Reproduce the material below only from the line with "Padlock Beige×red×pink PVC" to the line with "Traueranzeige für Cäcilia", both included, keeping each line exact and dropping the pictures.

→ **Supplied information**
= = =

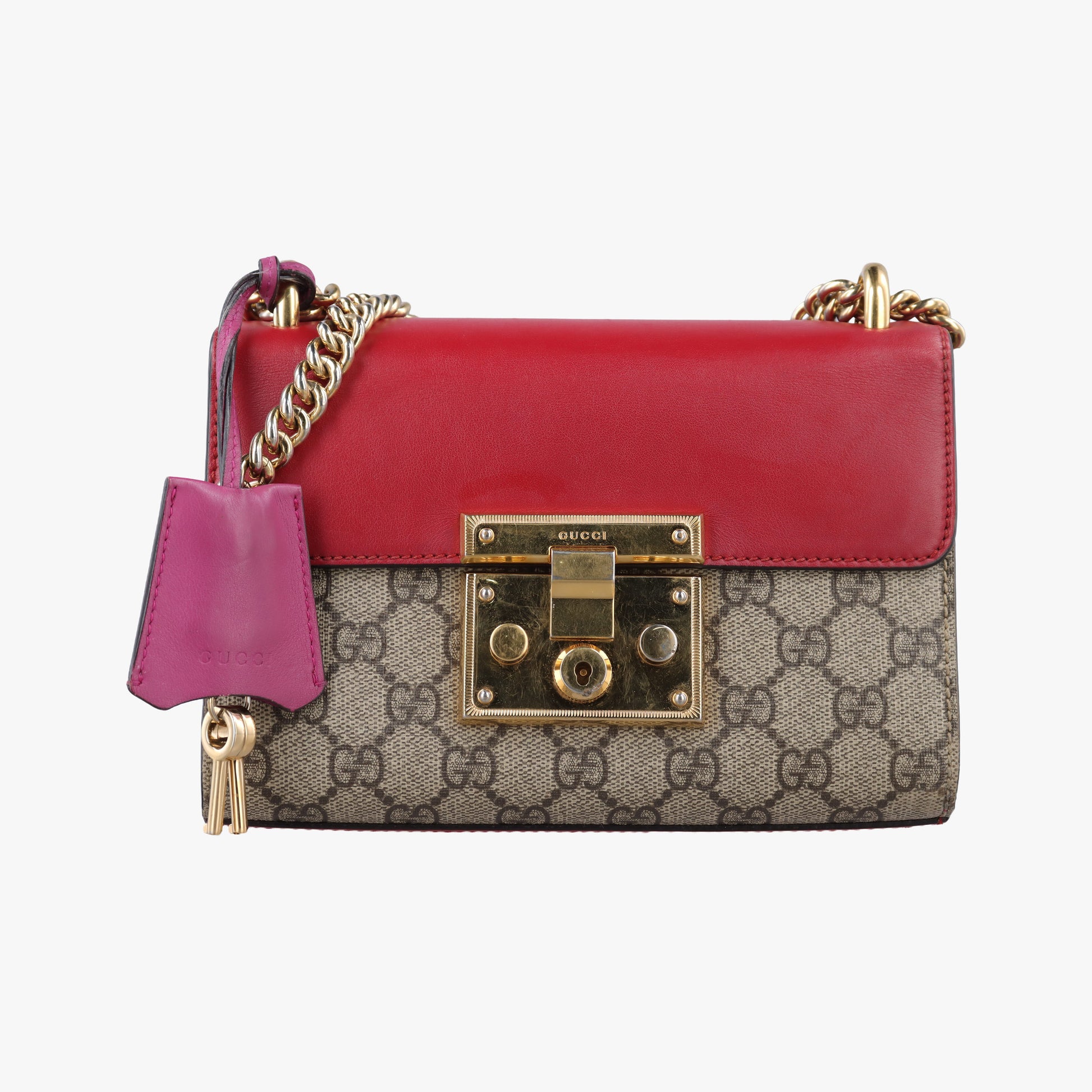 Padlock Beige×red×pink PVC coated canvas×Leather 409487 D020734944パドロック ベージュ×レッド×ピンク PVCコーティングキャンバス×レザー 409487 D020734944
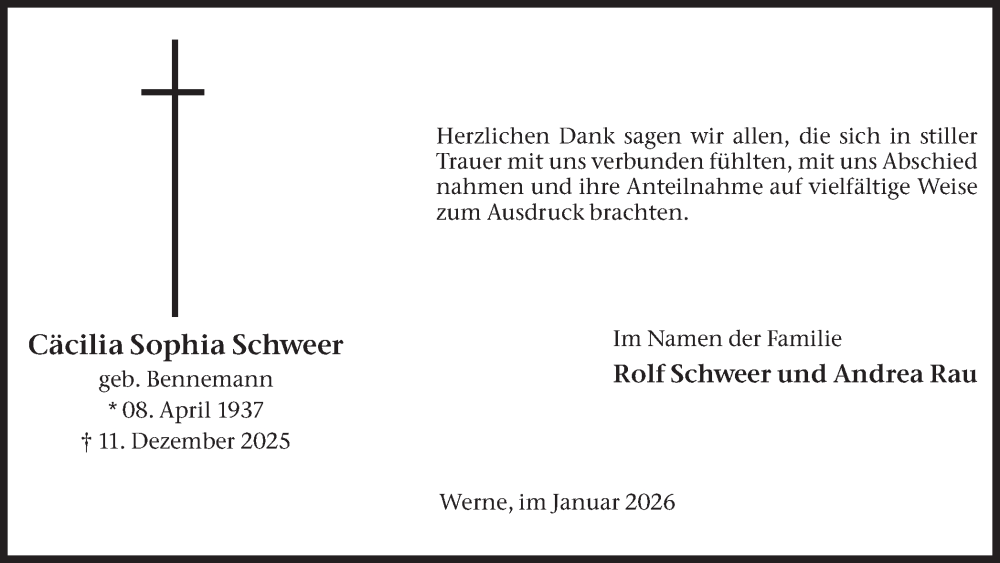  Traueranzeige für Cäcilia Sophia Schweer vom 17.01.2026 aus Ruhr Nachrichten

= = =

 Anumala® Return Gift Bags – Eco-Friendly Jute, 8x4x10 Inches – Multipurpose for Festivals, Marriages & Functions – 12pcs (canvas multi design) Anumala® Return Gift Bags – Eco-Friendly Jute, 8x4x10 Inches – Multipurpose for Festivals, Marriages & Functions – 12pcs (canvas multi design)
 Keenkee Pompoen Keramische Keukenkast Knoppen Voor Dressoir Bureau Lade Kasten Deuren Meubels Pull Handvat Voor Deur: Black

= = =

→ **Task output**
 Padlock Beige×red×pink PVC coated canvas×Leather 409487 D020734944パドロック ベージュ×レッド×ピンク PVCコーティングキャンバス×レザー 409487 D020734944
  Traueranzeige für Cäcilia Sophia Schweer vom 17.01.2026 aus Ruhr Nachrichten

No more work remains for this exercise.